Himmlischer Handel. Über mönchische Kapitalismuskritik

 In Spiritualität, Thomas Quartier, Wirtschaft

Berne8Spiritualität und Rebellion gegen ökonomische Ungerechtigkeit scheinen nicht zusammen zu gehen, so ist immer wieder zu lesen, und fast genauso oft wird nach Verbindungen gesucht, auch in diesem Forum. Das konkrete Leben geht Gott sei Dank immer wieder andere Wege als die Ideologie vermuten lässt. Einer dieser Wege ist das mönchische Leben. Weltfremde Eigenbrötler oder revolutionäre Geister? Oder doch von allem etwas, das für jeden und jede etwas zu sagen hat? Unterwegs zur mönchischen Kapitalismuskritik durchschreitet man Himmel und Erde des spirituellen wie auch des intellektuellen Lebens. Thomas Quartier (geb. 1972) begibt sich als Professor für Monastische Studien und Mitglied einer Mönchsgemeinschaft in den Niederlanden persönlich auf die Suche.

„Mönche sind die Verkörperung der Kapitalismuskritik schlechthin“, so hörte ich unlängst in einer Diskussion. Mancher hob in unserer Runde darüber erstaunt die Augenbraue. Wer auch nur ein bisschen von der Geschäftstüchtigkeit von Klöstern in der heutigen Zeit oder vom immensen Reichtum vieler Abteien in der Geschichte hat, fragt sich ob diese These nicht völlig an der Realität vorbei geht. Sind Klöster nicht die Scheinheiligkeit schlechthin? Wasser predigen und Wein trinken? Mein Gegenüber hielt nichtsdestotrotz an ihrer Aussage fest. Warum tat sie das? Und warum fühlte ich mich dazu aufgefordert, dieser These auf den Grund zu gehen? Vielleicht weil es sich weniger um eine empirische als vielmehr um eine spirituelle Aussage handelte.

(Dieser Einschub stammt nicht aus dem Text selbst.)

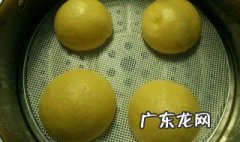发面玉米面馒头的做法 玉米面馒头的做法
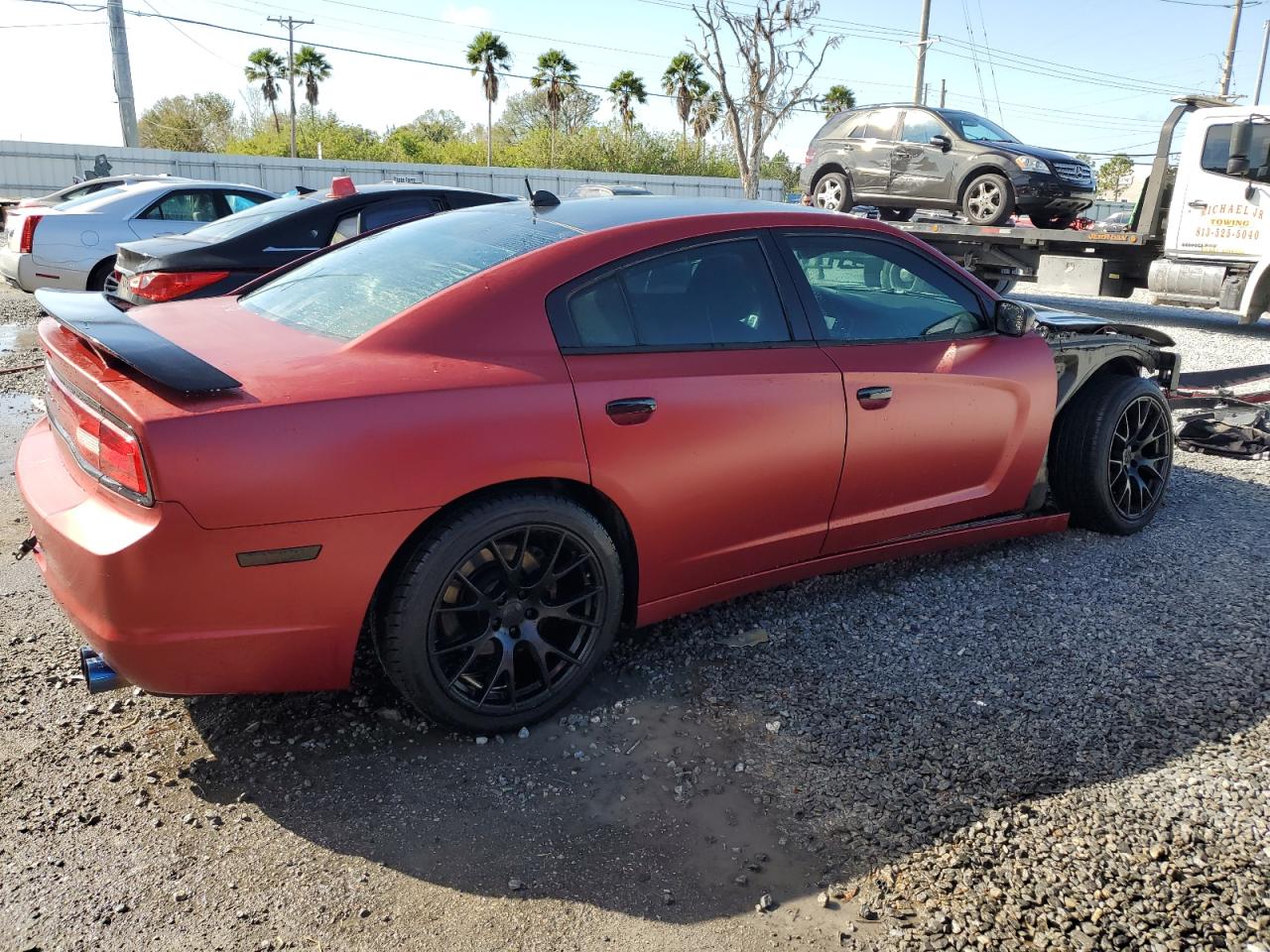 2014 Dodge Charger - Image 3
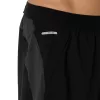 ASICS ROAD 2IN1 7IN SHORT Férfi futónadrág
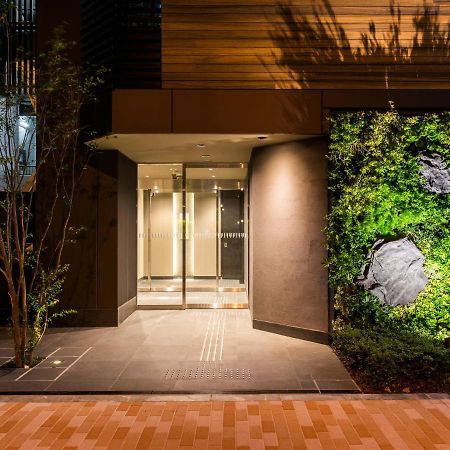 Super Hotel Premier Akihabara Tokio Exterior foto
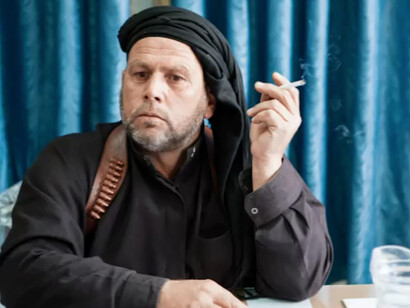 Diego Artioli, “Syria”, 2014. Courtesy of the artist.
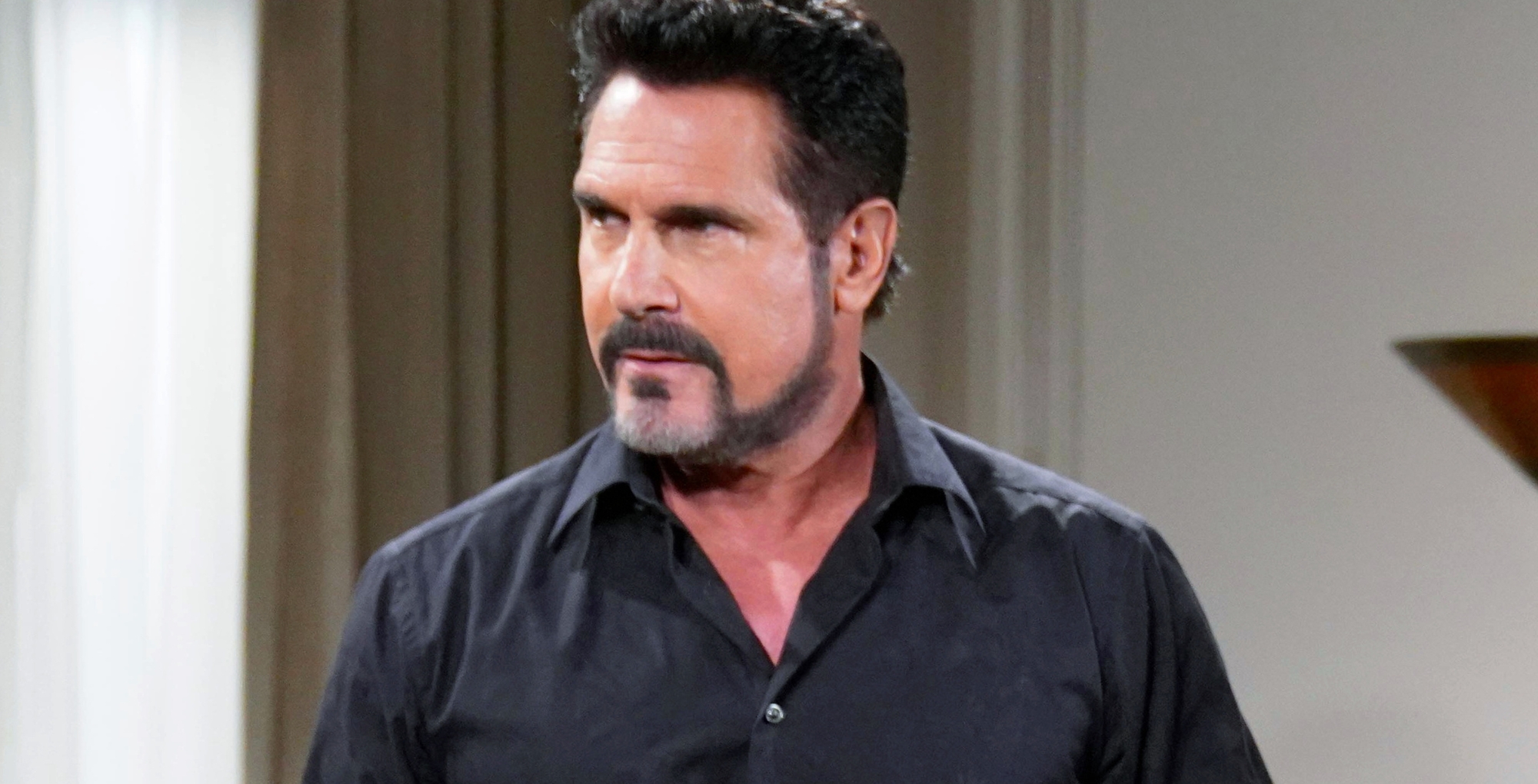 The Bold and the Beautiful's Bill Spencer.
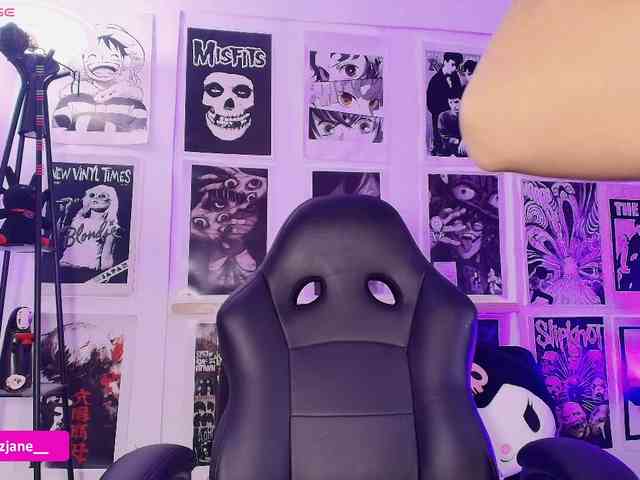 Janediaz webcam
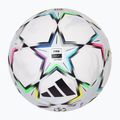 Football adidas UEFA Champions League 26/27 white/multicolor 3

Natürlich gibt es viele Klöster, die den Versuchungen neoliberalen Handels verfallen. Natürlich sind viele dunkle Perioden in der monastischen Geschichte auszumachen. Aber das spirituelle Ideal war und ist ein anderes. Wenn Ideal und Wirklichkeit auseinanderklaffen, dann gibt das Anlass zur Scham, ist aber niemals ein Grund, das Ideal nicht weiter zu verfolgen. Die Ausgangsthese hat mich also dazu veranlasst, nach einer mönchischen Kapitalismuskritik auf die Suche zu gehen. In der monastischen Lebensform habe ich einen prominenten Weggefährten gefunden, den heiligen Benedikt von Nursia (480-547).

Spirituelle Kapitalismuskritik

Zunächst noch einige Vorüberlegungen: wozu eine spirituelle Kapitalismuskritik, wie die mönchische sie ist? Ist die Kritik an der neoliberalen Agenda unserer Tage nicht eher intellektuell? Das ist sie zweifellos, wie Jean Ziegler unlängst wieder überzeugend gezeigt hat. Seiner Ansicht nach ist es eine entscheidende Aufgabe des Intellektuellen, „pervertierte Mechanismen der kannibalischen Weltordnung zu enttarnen“. Dabei geht er nüchtern zu Werke und sollte sich nun gerade nicht in allgemeingültige Glaubenssätze flüchten: „In der Geschichte der Gesellschaften hat es den Rückgriff auf metasoziale Begründungen und deren Instanzen immer gegeben. Er diente und dient dazu, unveränderliche, ahistorische ‚Wahrheiten‘ zu rechtfertigen und letzten Endes den Fortbestand der herrschenden Machtverhältnisse zu sichern“ (JEAN ZIEGLER, Ändere die Welt. Warum wir die kannibalische Weltordnung stürzen müssen. München: Bertelsmann 2015, 25).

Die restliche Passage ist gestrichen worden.